仕事納め 2007.12.31

 スタジオ KUKU、谷工房ともに29日が仕事納めでした。 
 KUKUの方では、クリスマス前にご注文いただいていたリラックスチェアーをお送りしました。ゆったりとしたクリスマスのひと時をお過ごしいただけたと思います。


 工房のほうでは、27日に年内最後の納品。以前ダイニングチェアーをお使い頂いていたお客様へ、栗の一枚板のテーブルを納めに、岐阜へ出かけました。
 漆で仕上げた後、天板と脚を組み立てるのですが、漆の水分で木が少し増えていたので、工房で様子を見ながら組み立てました。 漆で仕上げると、木目が本当に美しく出ます。栗独特の動きのある美しい木目のテーブルに仕上がりました。 お客様のお宅の2階へ、3人がかりで運び上げたのですが、大変だったそうです。 いつもお世話になっている櫻井銘木のご子息にお手伝いいただき、事なきを得たそうです。
 年内ぎりぎりになってしまいましたが、お客様には新しいテーブルで新年を迎えられると喜んでいただけました。

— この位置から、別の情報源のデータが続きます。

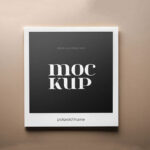 Facing Vision of Polaroid Frame Mockup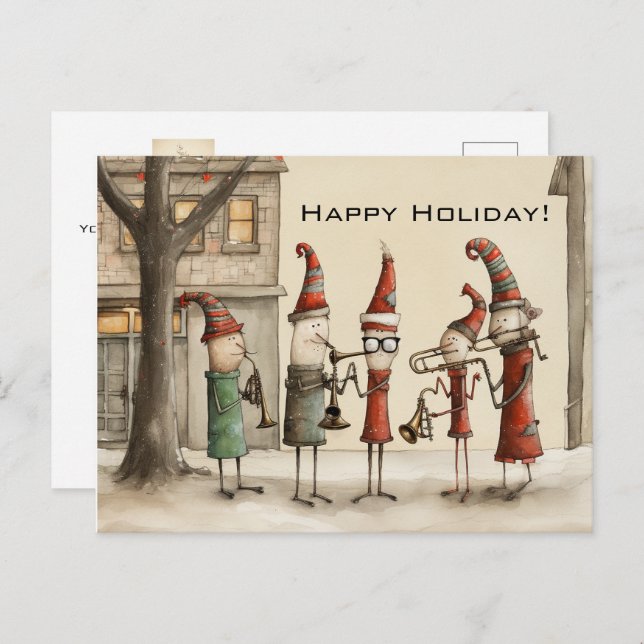 Postkort för Helgdag gatumusiker Helg Vykort (Fram/baksida)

 これから、家族の歴史を刻んでゆくのでしょうね。傷がひどくなったら、削りなおして、又漆を塗りなおすと、新品のように蘇ります。 先月は、15年お使いいただいて、傷もつき、紫外線で漆も弱くなった座卓を塗りなおして納めましたが、本当に美しくなりました。

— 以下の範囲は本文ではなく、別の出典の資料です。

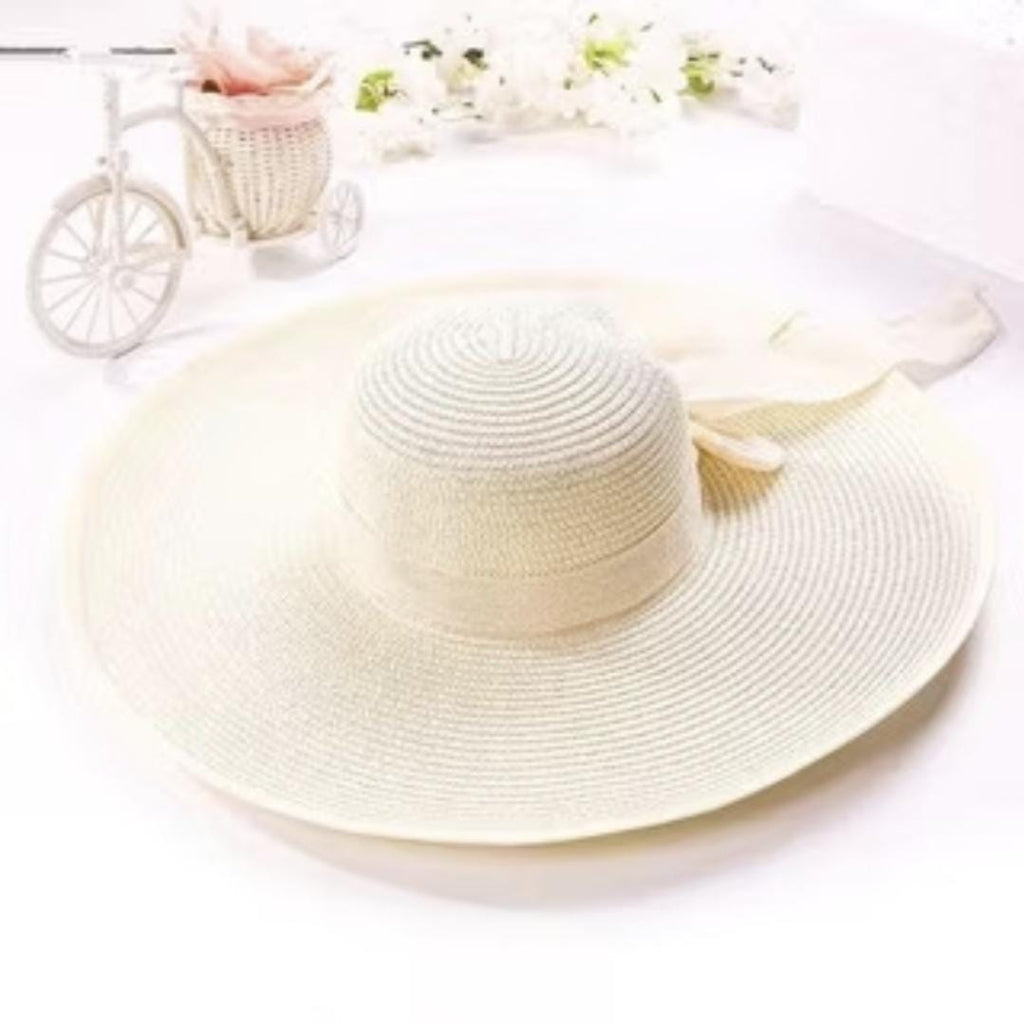 Packable Wide Brim Straw Sun Hat for Women – Foldable Beach, Travel Floppy Summer Hat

 無垢の木で作った家具は、メンテナンスをしてゆくと、親子3代、100年は持ちます。何百年も生きてきた木を少しでも長く生かしてゆきたいというのが、工房の仕事です。
 

  ただ、一人で100年ものあいだ、仕事をし続けることは出来ませんので、これからの若い人たちがつなげてゆけるようにしてゆかなければと思っています。 谷の注文家具と異なり、KUKUのものは、同じものをコンスタントに作り続けてゆく仕事が多いので、クオリティーを維持してゆくという大きな課題があります。

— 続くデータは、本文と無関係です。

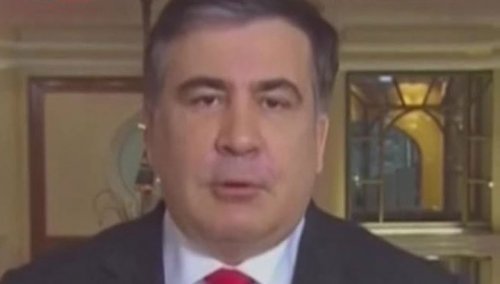 Не москаль: Саакашвили поскакал в прямом эфире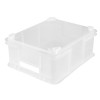 Caisse de Rangement Transparente 20 litres Euro-Box L KEEEPER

 そこで、新しい製品を作ったときには、コンタクトシート(contact=つなげる)というものに記入します。製品の仕様、作り方のポイント、材料などについて、次に作るときに同じものが出来るよう、また、どこを工夫するとより早くよりきれいに出来るかなどを検討するための良い資料となります。 最近では、注文制作の一品物に関しても出来るだけ記入するようにしています。 
何年か後、または何十年か後、もし修理の依頼があったとき、見えないところの仕口や材料の特色その他のことを参考に出来ると思ったからです。 制作者の亡き後も、誰かががつなげていってくれたら、お客様も安心してアフターケアーが受けられます。
 工房としては、30年以上、KUKUとしても来年の春には、6年目に入ります。木材の供給状況が悪くなっていく中で、木工を目指す若い人たちが志どおりの良い仕事をしてゆけるよう、何とかつなげてゆくのが私たちの大切な使命のように思います。

 6年目に入る一つの節目として、年明けの1月22日からこれまでとは少し趣の異なる小さなイベントを企画しています。 些細ではありますが、活動の輪を広げてゆきます。
 来年も、どうぞよろしくお願いいたします。